**Exercise prompt:** Copying starts at the line containing "Coral Hinton Linen T-Shirt" and stops after the last line of the records; each line is repeated exactly, and pictures are skipped.

------------------------------------------------------------------------

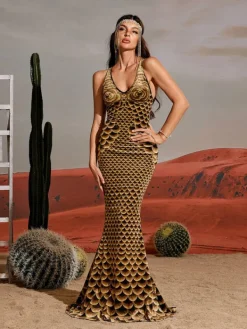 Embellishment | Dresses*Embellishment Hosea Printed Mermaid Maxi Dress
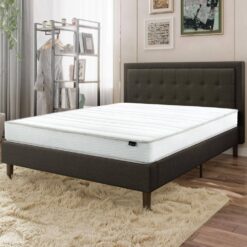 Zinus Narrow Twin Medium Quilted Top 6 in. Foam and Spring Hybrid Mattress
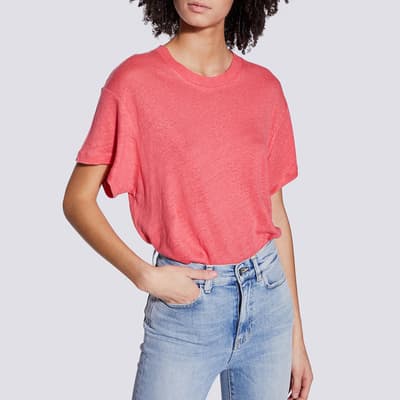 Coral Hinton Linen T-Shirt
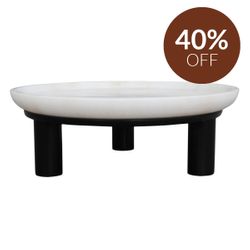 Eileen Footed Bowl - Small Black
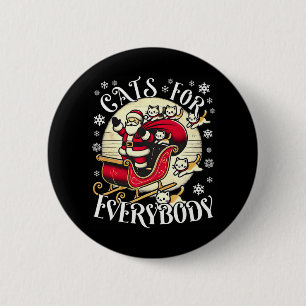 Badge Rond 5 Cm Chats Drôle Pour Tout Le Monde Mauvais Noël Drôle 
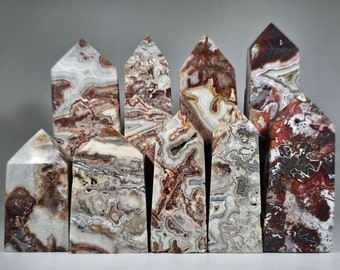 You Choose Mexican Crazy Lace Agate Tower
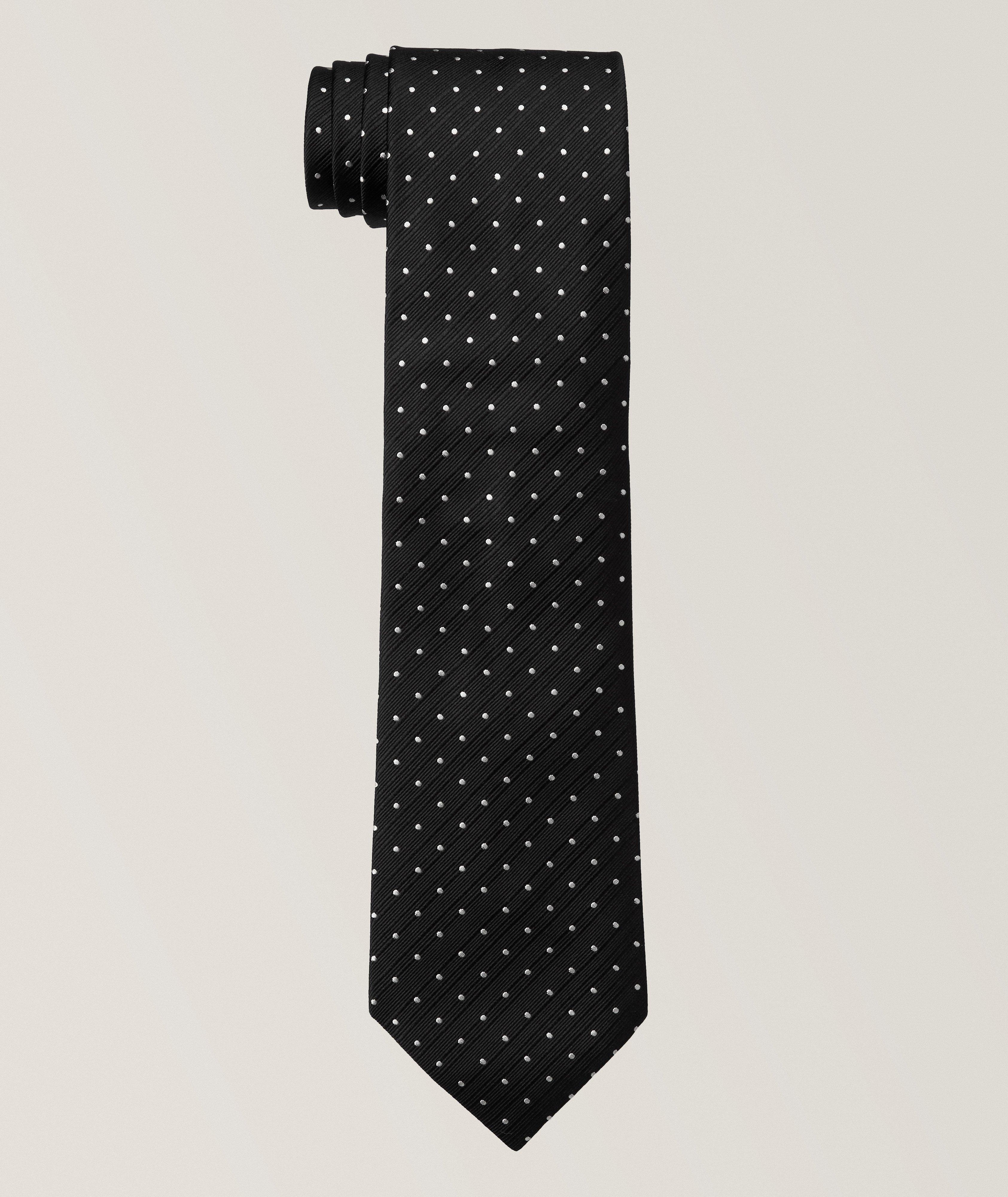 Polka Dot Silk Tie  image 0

------------------------------------------------------------------------

**Response:**
 Coral Hinton Linen T-Shirt
 Eileen Footed Bowl - Small Black
 Badge Rond 5 Cm Chats Drôle Pour Tout Le Monde Mauvais Noël Drôle 
 You Choose Mexican Crazy Lace Agate Tower
 Polka Dot Silk Tie  image 0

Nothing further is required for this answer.